--- Records for processing ---

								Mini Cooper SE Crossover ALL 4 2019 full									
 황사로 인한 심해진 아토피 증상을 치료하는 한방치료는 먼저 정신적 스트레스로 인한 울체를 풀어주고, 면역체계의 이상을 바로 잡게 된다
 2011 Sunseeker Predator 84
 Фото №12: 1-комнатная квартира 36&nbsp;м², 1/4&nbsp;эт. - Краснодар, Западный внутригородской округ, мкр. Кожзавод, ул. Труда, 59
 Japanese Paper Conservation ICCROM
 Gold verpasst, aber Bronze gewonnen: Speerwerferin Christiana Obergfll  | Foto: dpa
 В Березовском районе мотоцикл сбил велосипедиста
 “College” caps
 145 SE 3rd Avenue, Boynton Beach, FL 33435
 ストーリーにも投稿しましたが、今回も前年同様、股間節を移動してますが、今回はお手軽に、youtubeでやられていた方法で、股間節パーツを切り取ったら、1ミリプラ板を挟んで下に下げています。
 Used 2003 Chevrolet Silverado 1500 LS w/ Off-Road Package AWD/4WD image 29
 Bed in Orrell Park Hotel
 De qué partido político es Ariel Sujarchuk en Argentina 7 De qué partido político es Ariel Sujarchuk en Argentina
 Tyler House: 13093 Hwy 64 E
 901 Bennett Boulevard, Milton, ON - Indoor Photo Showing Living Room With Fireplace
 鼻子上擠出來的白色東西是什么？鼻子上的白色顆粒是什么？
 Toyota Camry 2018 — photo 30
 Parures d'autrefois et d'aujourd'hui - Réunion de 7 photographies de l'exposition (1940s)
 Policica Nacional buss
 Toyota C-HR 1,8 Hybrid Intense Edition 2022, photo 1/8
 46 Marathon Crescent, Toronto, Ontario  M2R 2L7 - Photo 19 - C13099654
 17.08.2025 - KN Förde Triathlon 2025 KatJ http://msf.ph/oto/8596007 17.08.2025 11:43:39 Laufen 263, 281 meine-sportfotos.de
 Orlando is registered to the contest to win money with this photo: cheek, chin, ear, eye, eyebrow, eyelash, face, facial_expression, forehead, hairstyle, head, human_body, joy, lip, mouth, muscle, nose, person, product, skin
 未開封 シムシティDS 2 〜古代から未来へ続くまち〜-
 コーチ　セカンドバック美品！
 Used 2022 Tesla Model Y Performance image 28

---

Task statement — In the entries above, how many lines contain the string "image"? Say only the number.

Response box — 2